KEY TAKEAWAY: AstraZeneca is looking at ways to more directly link executive compensation to a $45 billion revenue target amid investor concern over the pay package given chief executive Pascal Soriot. Too often when this happens sales comes first at the expense of legal and good marketing practices.
I’ve seen some executives, within pharma, make bad decisions based on the need to achieve sales targets. One VP once told me, when I voiced regulatory and legal concerns over a project, that “it’s legal as long as we don’t get caught”. He was a former sales director now in charge of marketing a pharma product.
When compensation is directly linked to sales people tend to make really bad decisions in pursuit of bigger paychecks. This in turn puts patients last and gives legal and regulatory people sleepless nights. I’m sure those of you reading this story who work in pharma know of the many instances when sales were made a priority.
Mr Merck once said that “good medicine leads to good business” but today impatient investors who want their investments doubled in a year are driving down pharma stocks because they don’t understand the changing landscape of healthcare.

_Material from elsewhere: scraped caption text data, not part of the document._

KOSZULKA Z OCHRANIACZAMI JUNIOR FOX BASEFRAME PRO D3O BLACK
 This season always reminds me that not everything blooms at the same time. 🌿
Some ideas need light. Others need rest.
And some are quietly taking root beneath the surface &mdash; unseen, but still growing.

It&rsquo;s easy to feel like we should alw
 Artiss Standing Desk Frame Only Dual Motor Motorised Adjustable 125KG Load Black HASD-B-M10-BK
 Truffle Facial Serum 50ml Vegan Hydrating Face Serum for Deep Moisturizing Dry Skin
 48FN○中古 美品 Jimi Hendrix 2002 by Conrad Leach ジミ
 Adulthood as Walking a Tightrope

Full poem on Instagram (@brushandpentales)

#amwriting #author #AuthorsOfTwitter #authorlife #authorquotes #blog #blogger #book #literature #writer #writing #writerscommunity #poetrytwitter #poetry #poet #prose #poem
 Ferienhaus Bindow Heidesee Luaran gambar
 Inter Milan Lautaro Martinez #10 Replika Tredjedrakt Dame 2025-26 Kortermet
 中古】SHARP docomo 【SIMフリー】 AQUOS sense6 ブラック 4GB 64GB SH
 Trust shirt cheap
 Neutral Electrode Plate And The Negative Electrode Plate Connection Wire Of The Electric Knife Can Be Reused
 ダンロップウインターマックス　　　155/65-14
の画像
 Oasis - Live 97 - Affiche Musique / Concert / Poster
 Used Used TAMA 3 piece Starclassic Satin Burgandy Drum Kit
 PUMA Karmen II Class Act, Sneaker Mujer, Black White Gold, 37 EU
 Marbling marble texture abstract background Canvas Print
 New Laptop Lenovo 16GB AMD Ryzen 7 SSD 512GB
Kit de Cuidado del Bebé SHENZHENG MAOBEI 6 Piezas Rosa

Maybe instead of linking a really high compensation package to sales the Board might want to reduce pharma CEO compensation and measure what’s really important, like new drug development, employee turnover and the effectiveness of new drugs. If indeed the compensation is linked to sales than AZ will become a sales driven company and I guarantee we will read about a fine that will be levied because they put sales ahead of patients.